Assuming the child-architect has some level of tactile intelligence, she quickly learns that a stable structure begins with the largest blocks placed first. With a solid foundation in place, she can then build upwards, stacking progressively smaller blocks atop one another as the structure grows taller. And it almost always grows taller – that human instinct to seek higher ground, whether it’s to survey the surroundings for danger, water, food, or simply to manifest a desire for power or vanity, some nascent form of compensation.

Inevitably, with the slightest knock or breeze, the tower will teeter and topple, but this only begins the game all over again. The child-architect may tire and shift her focus to building outward instead – a castle, a farmyard, an entire village. If she grows bored of this too, the blocks will be set aside in favour of a ball, or a teddy, or an iPad, and packed back into the box for another day.
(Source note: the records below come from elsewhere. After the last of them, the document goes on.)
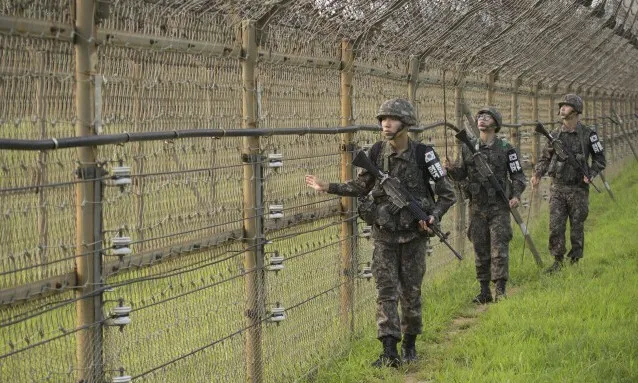 DMZ 지뢰 폭발에…국힘 “대통령 입꾹닫” 민주 “안보 정쟁화”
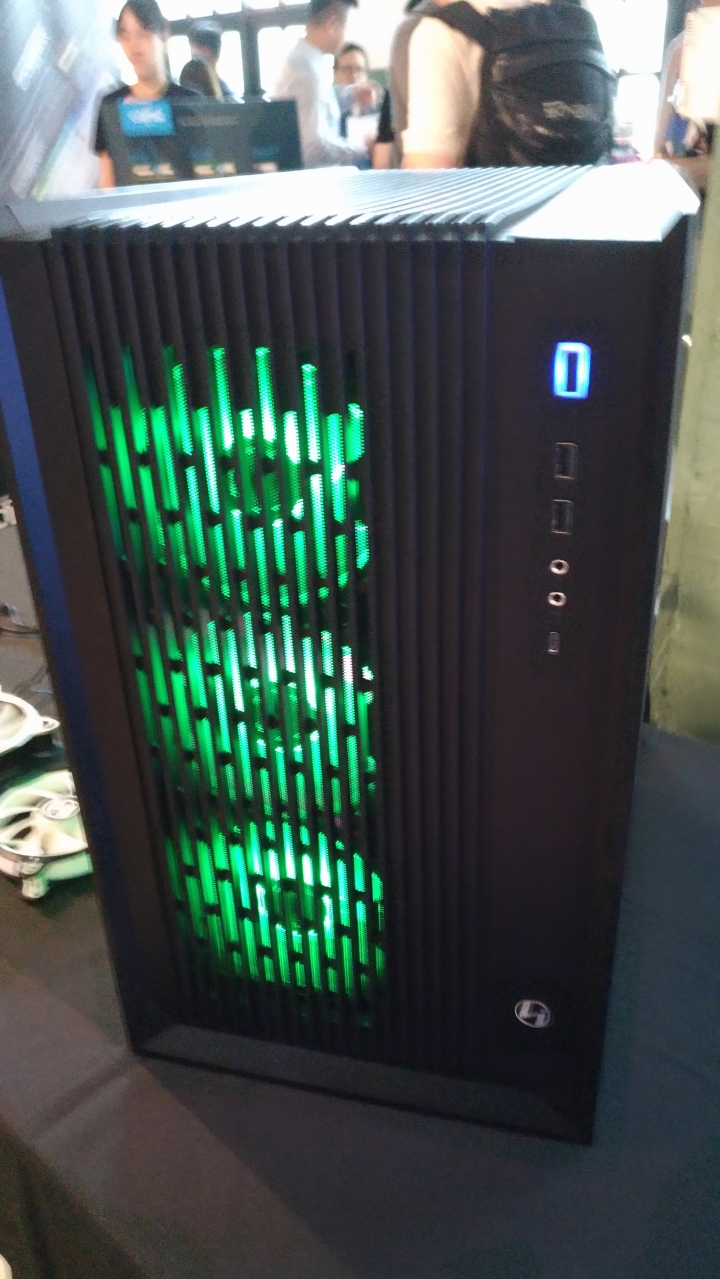 2018XF台北網聚~電腦就醬玩!電競、水冷、挖礦 多元應用體驗會心得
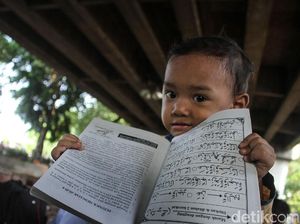 Sekolah Kolong Jembatan, Pilihan Pendidikan Anak Tanpa Akta Kelahiran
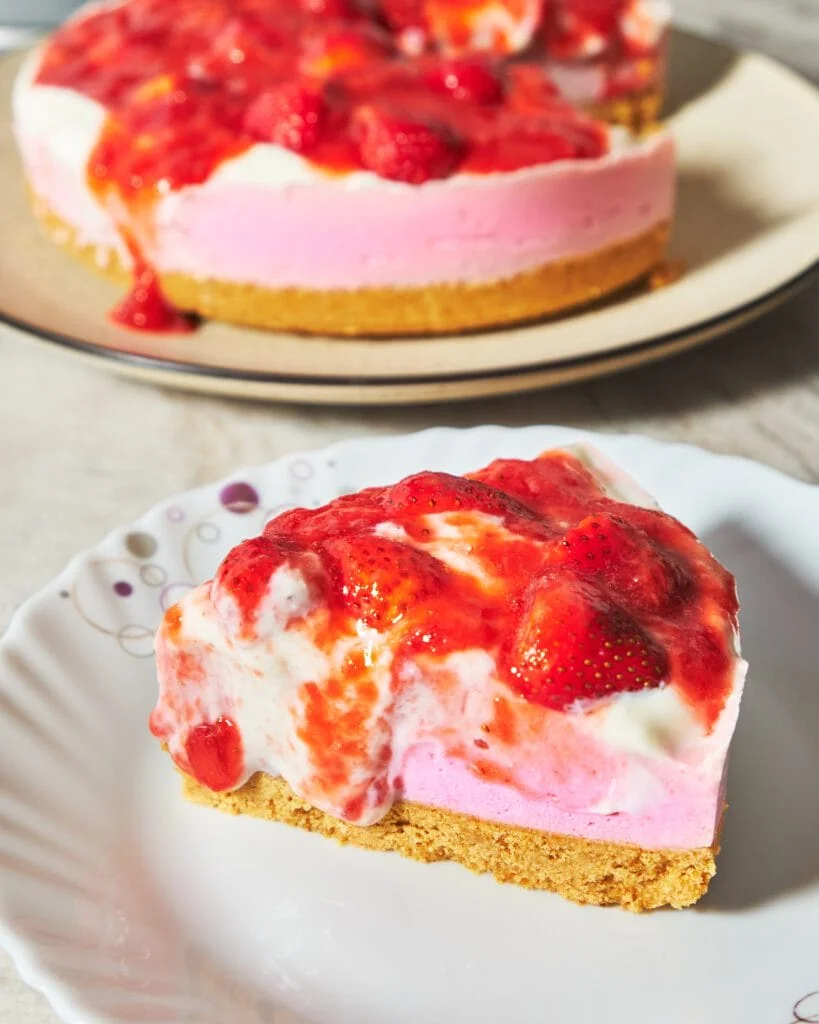 No-Bake Strawberry Cheesecake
Decades later, the adult-architect may recall with some nostalgia the hours spent playing with these blocks. However romantic, her memory acknowledges an essential truth: the building block is the genesis of all architecture. The cube, as the simplest form of block, with its three orthogonal axes and six sides, represents the walls, floor, and ceiling of the traditional room, and did so long before the complexities of parametric modelling arrived.

Imagine a child asked to draw a house. The result will likely be a square with a triangle on top; a cube and a pyramid in three dimensions. Stretch that form along a horizontal axis, and the architect has a street; extend it vertically, and you have a skyscraper. By shifting, twisting, removing, and balancing these blocks, all sorts of possibilities come into play.